**PROBLEM STATEMENT**: Repeat the records below exactly from the line containing "Retractable Tow Bar including electrical kit" to the line containing "ai character: Polly background", taking in both of those lines. Drop the pictures.

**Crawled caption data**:
*** Begin section ***

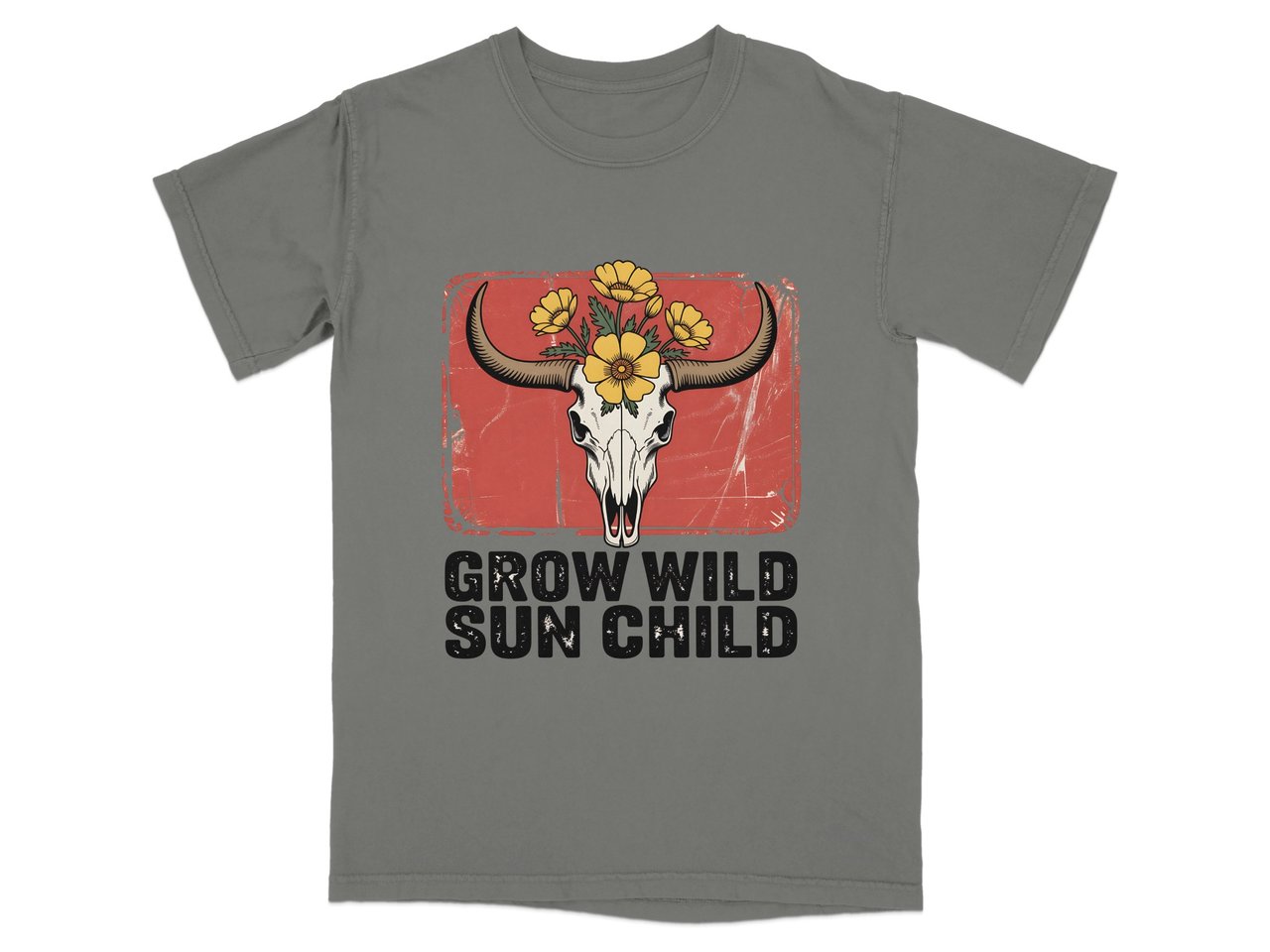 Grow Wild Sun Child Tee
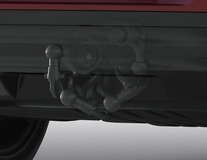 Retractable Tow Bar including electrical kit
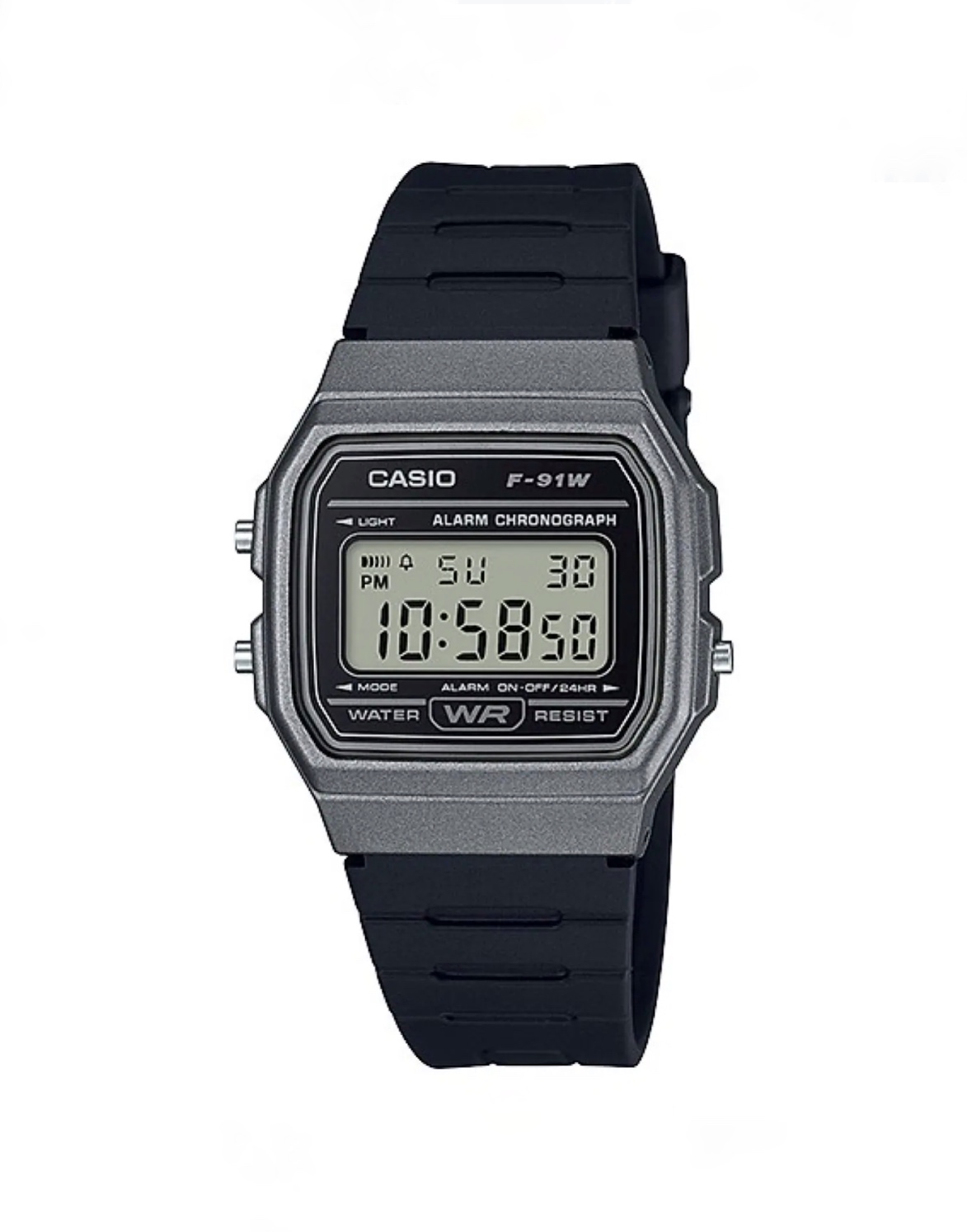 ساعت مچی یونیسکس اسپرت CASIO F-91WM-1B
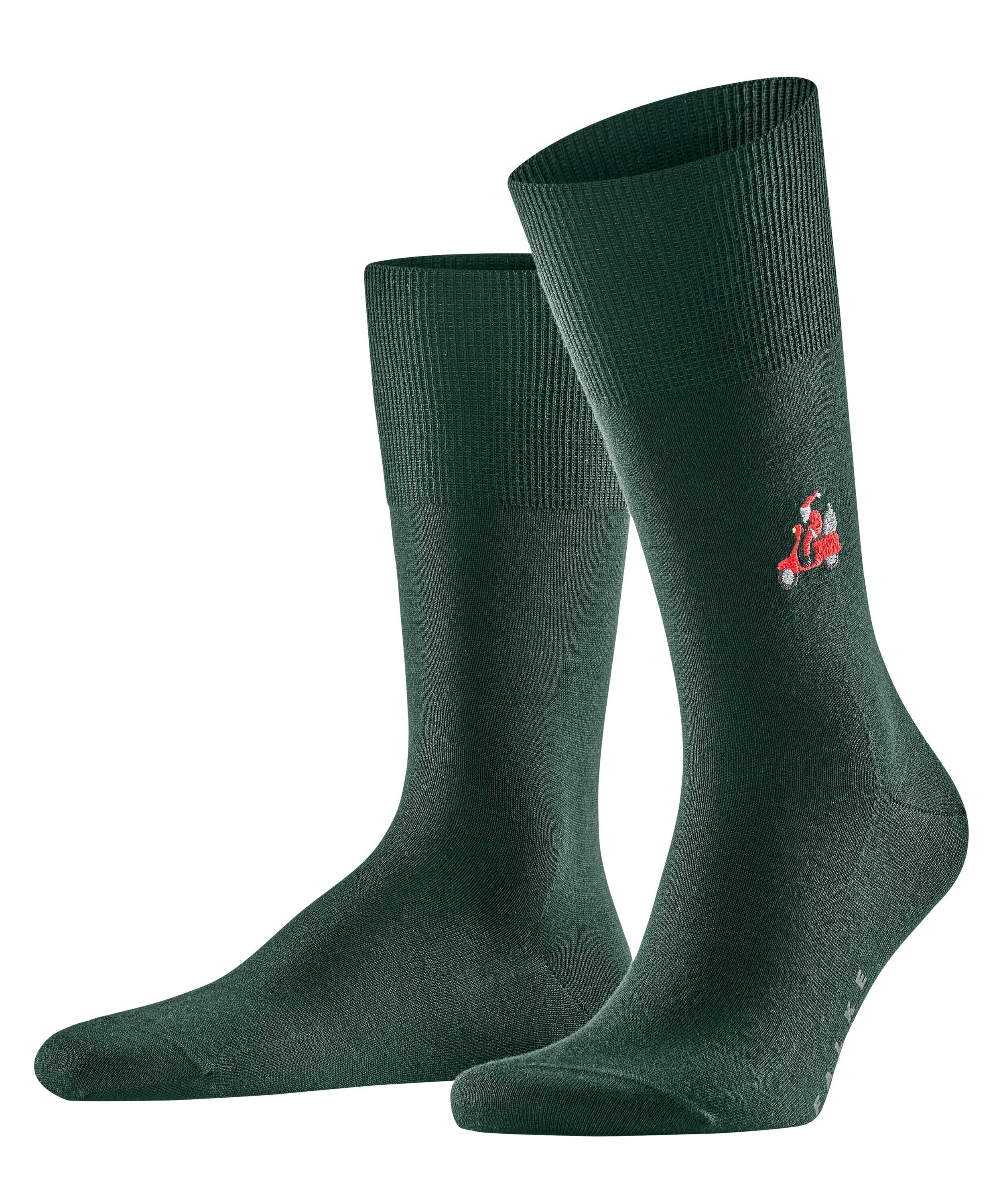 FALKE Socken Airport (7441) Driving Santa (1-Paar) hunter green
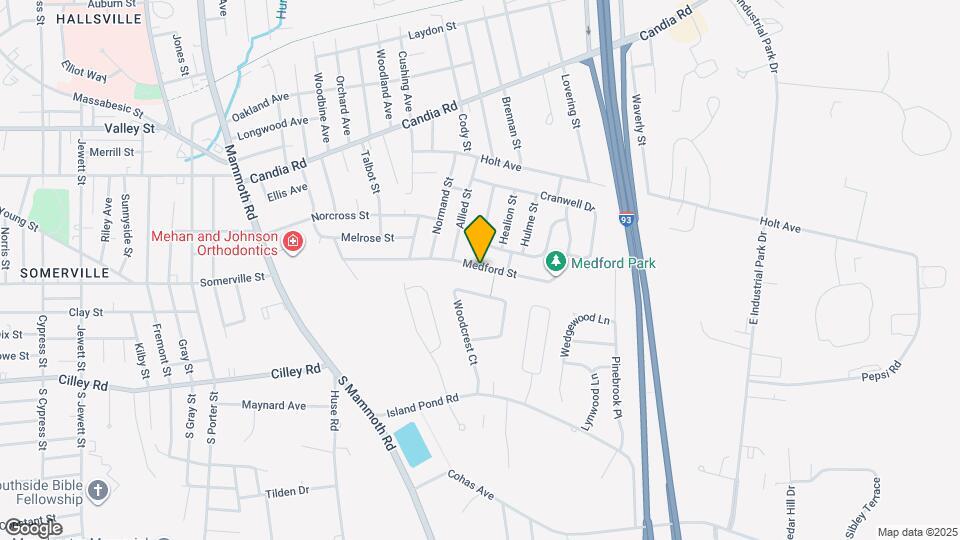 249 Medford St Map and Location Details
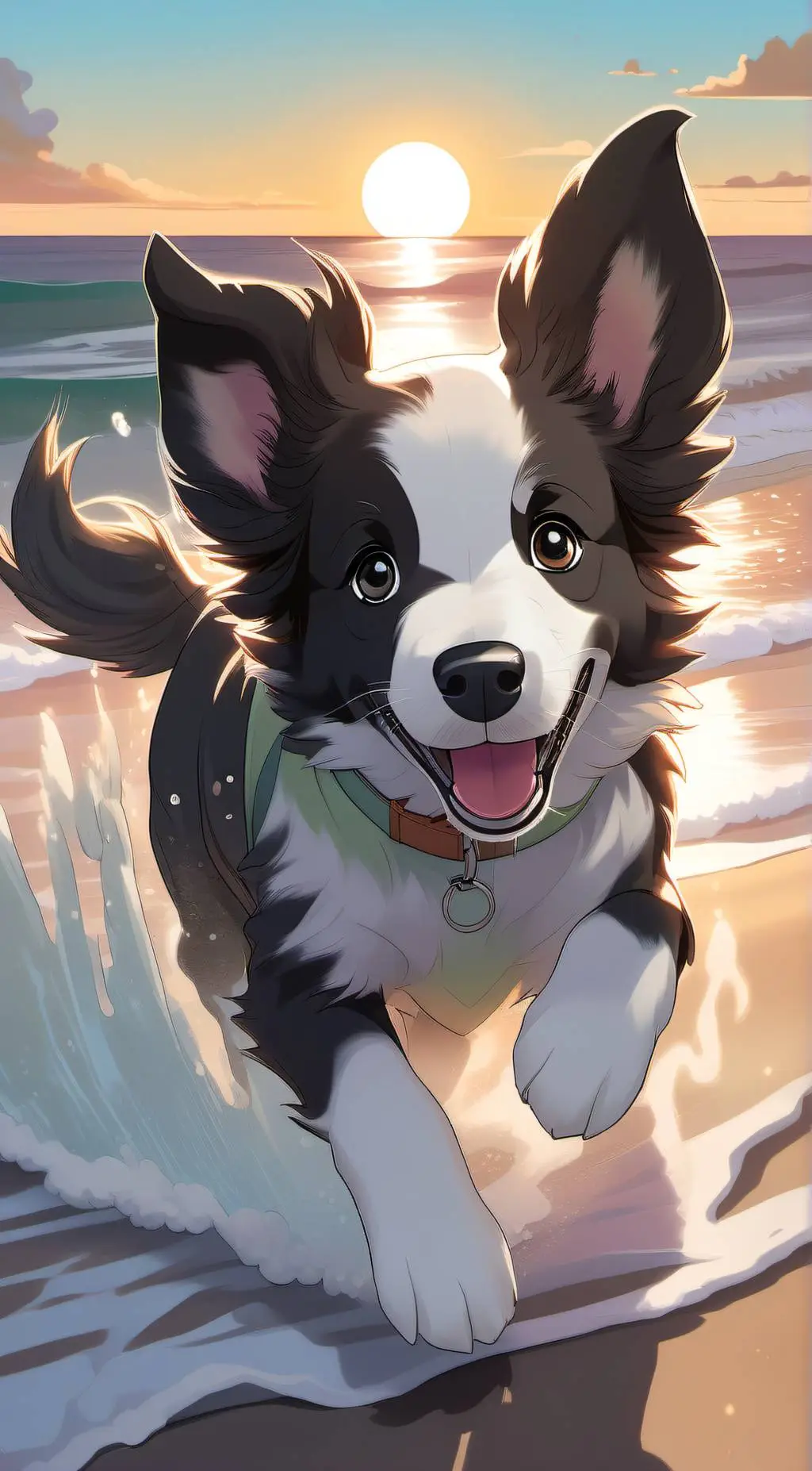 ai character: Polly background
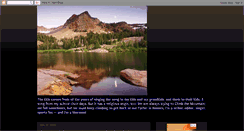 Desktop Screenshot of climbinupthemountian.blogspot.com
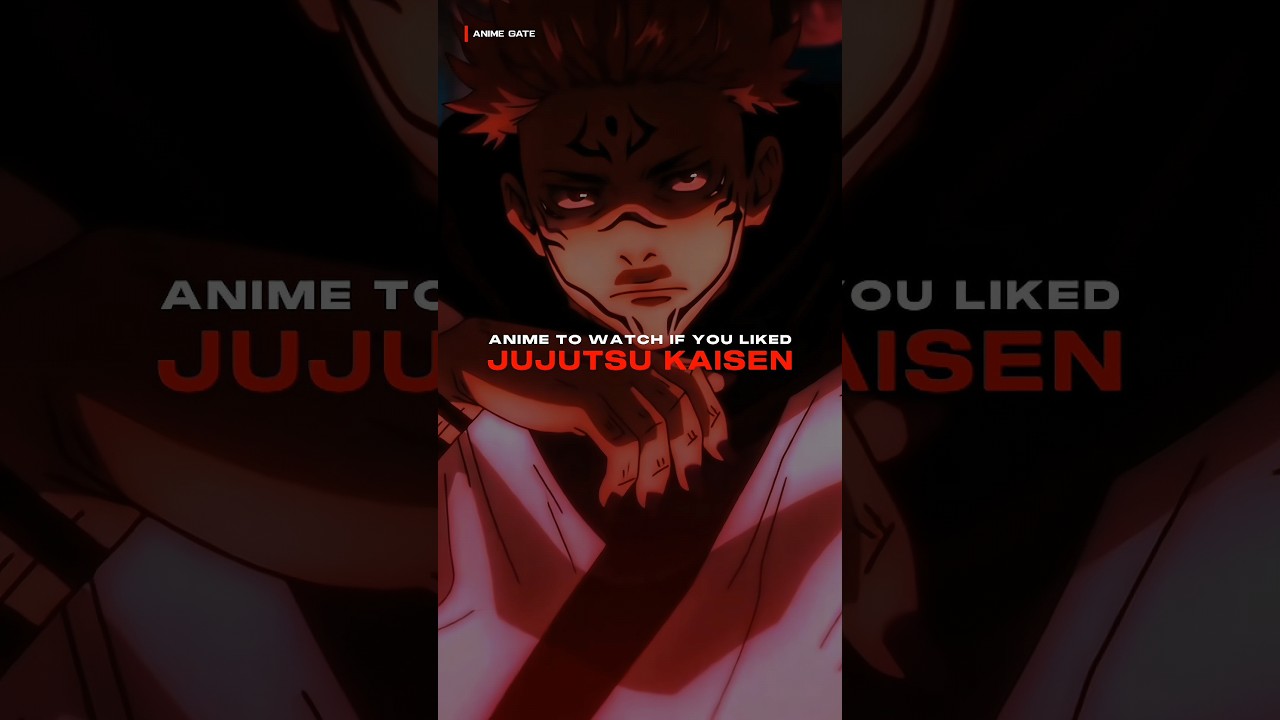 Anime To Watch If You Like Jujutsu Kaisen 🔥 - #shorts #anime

*** End section ***

**SOLUTION FOR THIS PROBLEM**:
 Retractable Tow Bar including electrical kit
 ساعت مچی یونیسکس اسپرت CASIO F-91WM-1B
 FALKE Socken Airport (7441) Driving Santa (1-Paar) hunter green
 249 Medford St Map and Location Details
 ai character: Polly background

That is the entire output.